Ordered models are based on the assumption that a latent intangible variable represents a household’s propensity to own vehicles and the probabilities of owning a certain number of vehicles are then obtained by matching specific ranges of the values of the latent variable to the corresponding numbers using

\begin{matrix} y_{n}^{*} = β' X_{n} + ε_{n} \\ y_{n} = {\begin{matrix} 0 & if y_{n}^{*} ⩽ μ_{0} \\ 1 & if μ_{0 <} y_{n}^{*} ⩽ μ_{1} \\ 2 + & if μ_{1 <} y_{n}^{*} \end{matrix} \end{matrix}

(3)

where

$y_{n}^{*}$ = car trip generation propensity for household n;

$y_{n}$ = car trip generation for household n;

$X_{n}$ = vector of explanatory variables;

$ε_{n}$ = random error term (normally distributed for ordered probit and logistically distributed for ordered logit);

$μ_{0}$ and $μ_{1}$ = threshold parameters; and

$β$ = vector of model coefficients.

Among the count regression models, the Poisson and the negative binomial regression models are some of the most commonly used to estimate and analyze count data, though their applications have been primarily in the context of crash frequency (see 18 for a comprehensive review) and trip generation (e.g., 19–22), with a few applications for vehicle ownership decisions (e.g., 23, 24).

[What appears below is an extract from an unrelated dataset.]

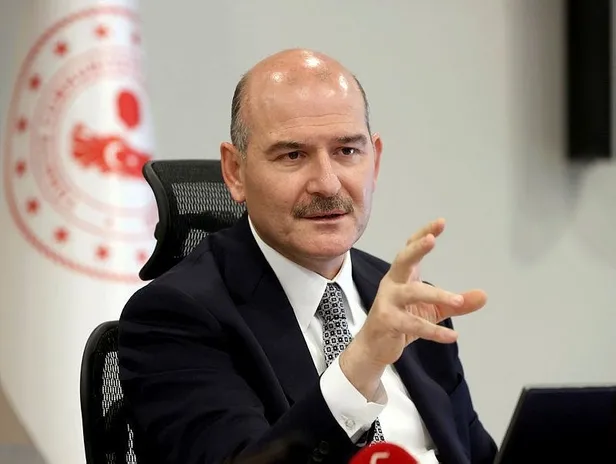 İçişleri Bakanı Süleyman Soylu'dan organize suç örgütü elebaşı Sedat Peker hakkında "hakaret ve iftira" gerekçesiyle suç duyurusu-1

In Poisson regression, it is assumed that the number of occurrences (k) of the dependent variable y has a Poisson distribution given the independent variables X₁, X₂, …, X_n as

P (y_{n} = k | X_{1}, X_{2}, \dots, X_{n}) = \frac{e^{- μ} μ^{k}}{k!}, k = 0, 1, 2, \dots

(4)

It assumes $\ln (μ)$ is a linear function of independent variables, denoted as

\ln (μ) = \ln (N) + α_{c} + β_{1} X_{1} + β_{2} X_{2} + \dots + β_{n} X_{n}

(5)

where

$y_{n}$ = number of vehicles owned by household n,

X₁, X₂,…, X_n ₌ household characteristics in the context of vehicle ownership,

N = sample size,

$α_{c}$ = constant, and

$β_{1} \dots β_{n}$ = coefficients of the household characteristics.

The Pearson’s goodness-of-fit test is used to check model appropriateness to the data distribution. p-values less than 0.05 mean the data is significantly different from a Poisson distribution.

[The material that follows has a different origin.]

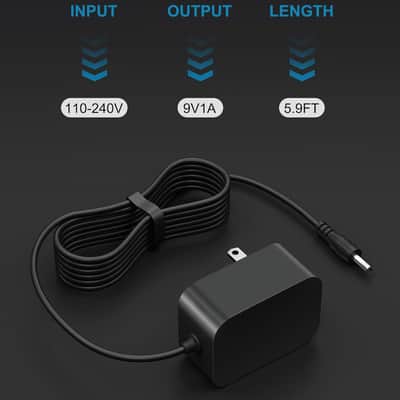 Replacement for Boss 9V PSA Adapter Guitar Pedal Power Supply Compatible with Boss PSA-120S ME-80 ME-70 ME-25 ME-50B GT-100 GT-1 GT-10 AD-10 BR-80 BR-600 DB-88 DB-90 CE-2B RE-20 RC-1 RC-3 image 2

Whereas the Poisson model assumes the mean and variance are equal, the negative binomial model takes into account the possibility of over-dispersion in the data because of large differences between the observed mean and variance (see 25 for details). The negative binomial regression model takes the form

P (y_{n}) = {(\frac{1}{1 + α μ_{n}})}^{\frac{1}{α}} {(\frac{α μ_{n}}{1 + α μ_{n}})}^{y_{n}}

(6)

where $μ_{n}$ is the mean and $α$ is the over dispersion parameter which is greater than zero.

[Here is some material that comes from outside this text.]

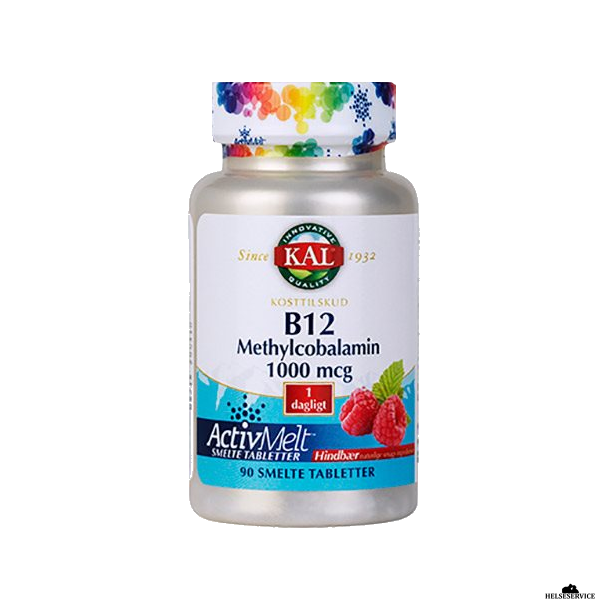 KAL B12 Methylcobalamin 90 tab.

To investigate model appropriateness (i.e., to test if negative binomial model, which has one additional parameter, is superior to the Poisson model), a likelihood ratio test is performed and the likelihood ratio (LR) is compared with the chi-square distribution using

- 2 (LL (P) - LL (NB)) ~ χ_{k}^{2}

(7)

where LL(P) and LL(NB) are the log-likelihoods of the Poisson model and the negative binomial model respectively and use of the negative binomial model is justified if LR is greater than the critical chi-square value at k degree of confidence.

Variants of these models are zero-inflated Poisson and zero-inflated negative binomial models, which address the issues associated with excessive zeroes in the data and are expressed respectively as

P (y_{n}) = \frac{e^{- μ_{n}} μ_{n}^{y_{n}}}{y_{n}!}

(8)

P (y_{n}) = \frac{Γ (α y_{n} + 1)}{y_{n}! Γ 1} {(\frac{1}{1 + α μ_{n}})}^{\frac{1}{α}} {(\frac{α μ_{n}}{1 + α μ_{n}})}^{y_{n}}

(9)

The Vuong test ( 26 ) is carried out to compare the models with the simpler variants.

Transferability

Temporal transferability of the individual parameters is checked by testing whether or not there is a significant difference between the parameter estimates of equivalent variables in the two cities ( 27 ). Minimum and maximum t-ratio values of –1.96 and 1.96 corresponding to the 95% confidence interval are taken as the critical values.

t_{diff, k} = \frac{{\hat{β}}_{trans, k} - {\hat{β}}_{appl, k}}{\sqrt{{(\frac{{\hat{β}}_{trans, k}}{t_{trans, k}})}^{2} + {(\frac{{\hat{β}}_{appl, k}}{t_{appl, k}})}^{2}}}

(10)

where

$β_{trans, k}$ and $β_{appl, k}$ = estimates for the kth parameter in the transferred and application areas;

$t_{trans, k}$ and $t_{appl, k}$ = respective t-ratios of the parameter estimates; and

$t_{diff, k}$ = t-ratio for the difference between parameters.

Global measures of model transferability are also obtained using the transferability test statistic (TTS) ( 27 – 29 ).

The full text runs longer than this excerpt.